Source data
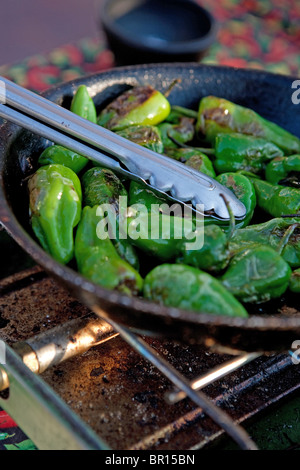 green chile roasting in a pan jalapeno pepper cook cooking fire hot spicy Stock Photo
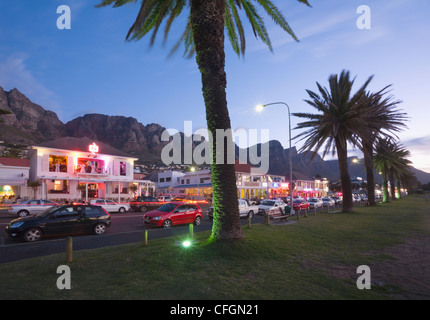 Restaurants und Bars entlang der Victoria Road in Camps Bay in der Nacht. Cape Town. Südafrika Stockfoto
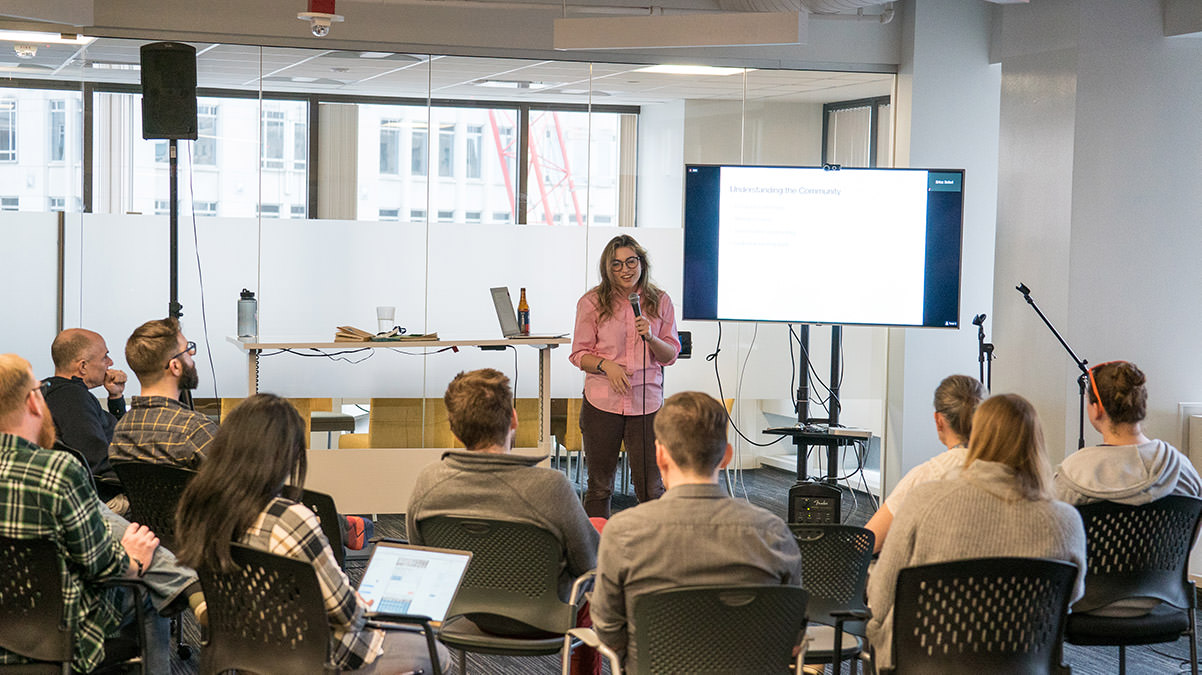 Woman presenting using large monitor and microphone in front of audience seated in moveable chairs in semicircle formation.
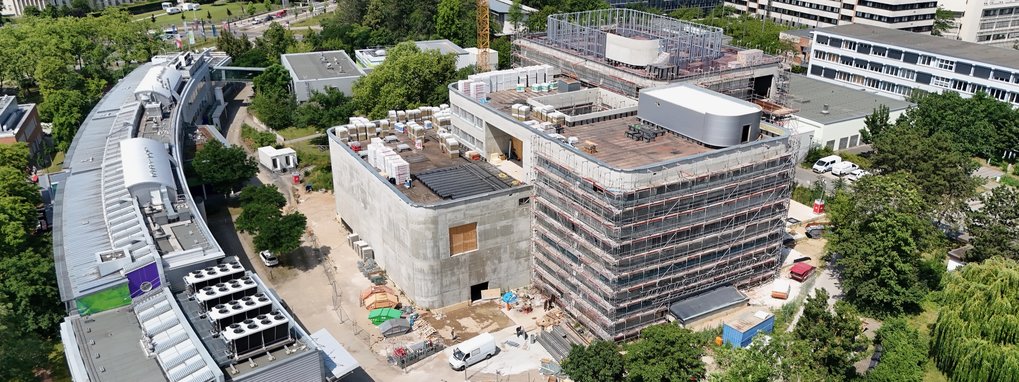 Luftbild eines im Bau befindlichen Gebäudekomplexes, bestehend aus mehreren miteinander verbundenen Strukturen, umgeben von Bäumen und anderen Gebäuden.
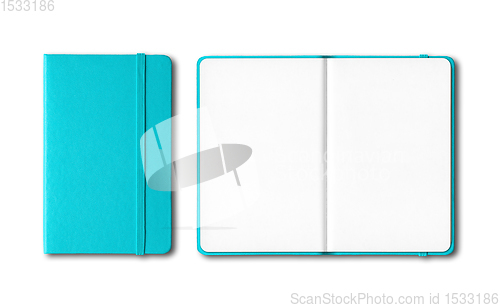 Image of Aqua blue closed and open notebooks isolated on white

__Problem to solve__: Using the entries above, repeat exactly the lines from the one with "Woman presenting using" to the one with "Luftbild eines im", both included, and leave the pictures behind.

__Task solution__:
 Woman presenting using large monitor and microphone in front of audience seated in moveable chairs in semicircle formation.
 Luftbild eines im Bau befindlichen Gebäudekomplexes, bestehend aus mehreren miteinander verbundenen Strukturen, umgeben von Bäumen und anderen Gebäuden.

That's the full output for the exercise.